Data Lakehouses, Post-Modern Data Stacks and Enabling Gen AI: The Rittman Analytics Guide to Modernising Data Analytics in 2024

April 3, 2024 Mark Rittman

Are you the data lead for a business that’s recently outgrown the mess of data extracts and Google Sheets you use to analyze and understand your performance today, and realise its time to move to something more robust, scalable and trustworthy for the future?

Or maybe you’re looking to modernise your existing data platform and make the move to the cloud, migrating from legacy on-premises to cloud technology and hoping to increase your data team’s agility while maintaining the same levels of security, management and governance that you have now.

Modernising your BI and data analytics platform is all about leveraging the increased agility, scalability and user-friendliness of modern cloud technology to better align your organisation’s data capabilities with the needs of your users.

But where do you start and what does the technology landscape look like today?

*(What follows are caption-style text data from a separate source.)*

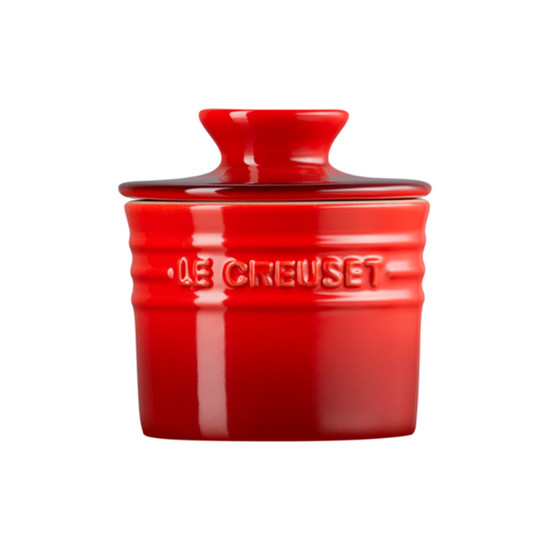 Imagem PORTA MANTEIGA EM CERÂMICA 170ML VERMELHO 10,7X9,9 CM - LE CREUSET
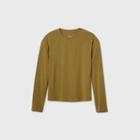 Women's Long Sleeve T-shirt - A New Day Olive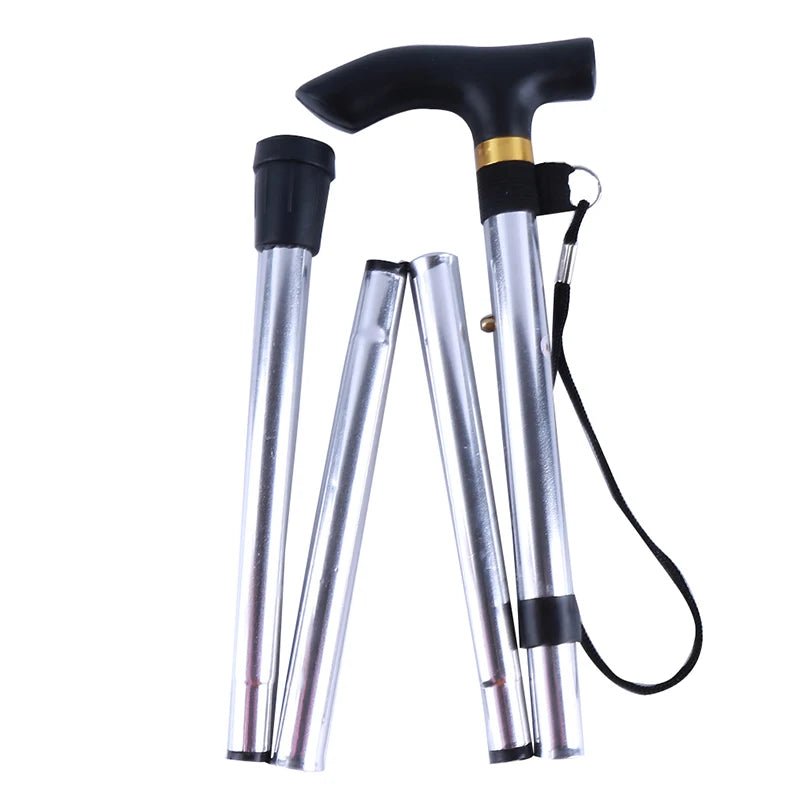 Opvouwbare Wandelstok Aluminium Lichtgewicht met Ergonomisch Handvat voor Senioren Revalidatie en Dagelijks Gebruik | Sulvida
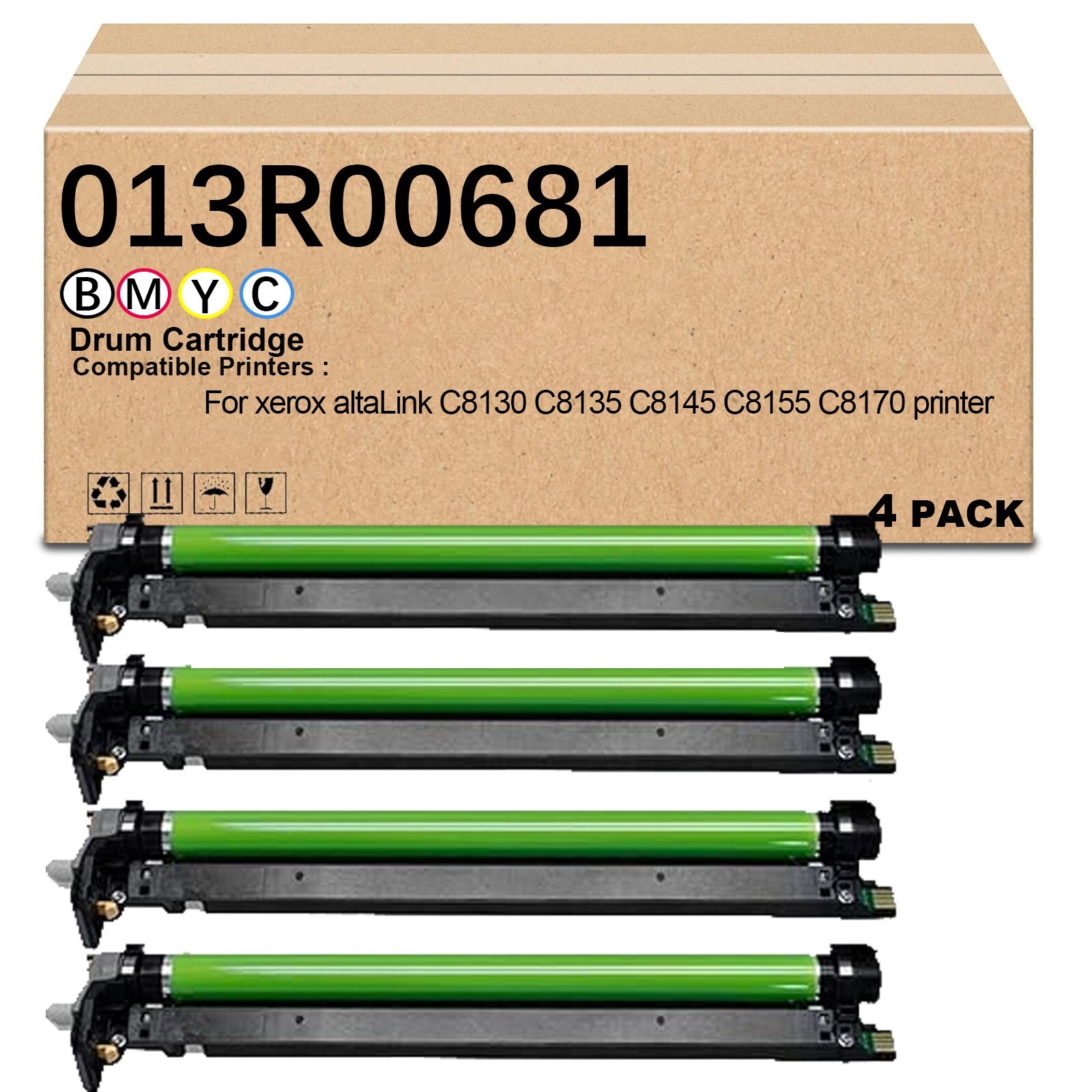 4 Pack 013R00681 Drum Cartridge for Xerox AltaLink C8130 C8135 C8145 C8155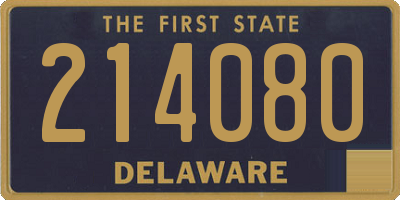 DE license plate 214080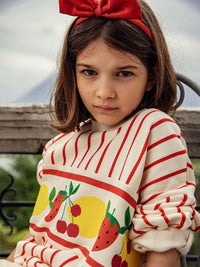 Mini Rodini Fruits Stripe Sweatshirt - Sweatshirts - 10 - 11Y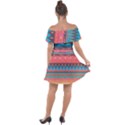 Native American Pattern Off Shoulder Velour Dress View2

In this blog I’ll answer two of the most common questions my team gets asked by organisations looking to modernise and scale-up their data stack in 2024:

Whether its your first data analytics project or a bid to modernise your existing analytics capability, what do you need to consider when planning a data analytics project and what goes into a succcessful business case?
And what are the typical components in a “post-modern” data stack that we’d deploy for clients today, one that balances modern, composable cloud-hosted technology with the security and management needs of larger, more mature organisations?

Planning your Data Analytics or Data Modernisation Project

With the days of cheap money long behind us, it’s safe to assume that any funding request for a data analytics or BI modernisation project has got to come with a pretty convincing and bullet-proof business case.

To have any real chance of approval your project plan and business case needs to show you’ve considered and have answers for challenges such as:

What you hope to achieve with your data centralization and modernisation project, the key business questions you want to answer and the the problems you’ll be solving for your business
What are the clear, measurable objectives you’ll work towards that align with your company’s strategy and deliver or enable real growth in revenue, customer satisfaction and increased business efficiency
How you’ve made sure you’ve surveyed and understood what capabilities your organization already has and why and how these fall-short of what’s needed today
How you plan to identify and work with stakeholders, identify risks that could delay or threaten delivery of the project and develop a comprehensive change management plan to ensure your business gets the maximum value from the investment you’re asking for
And crucially … how the investment you’re asking for will deliver value to the business and your project sponsor within, at most, six to nine months given the typical twelve-month budgeting cycle

Think you’re ready and have this all-planned? Take our Data Analytics Project Planning Quiz and receive a free, comprehensive scorecard telling you where you’ve got things covered and where your planning falls short.

Or if you’re just at the planning stage now and would like some tips on what needs to be considered then our free Data Analytics Project Planning Checklist is essential reading — and we’ve even provided an example Data Analytics Project business case in PDF and MS Word format to give you an example of “good” looks like and is likely to get approval for funding.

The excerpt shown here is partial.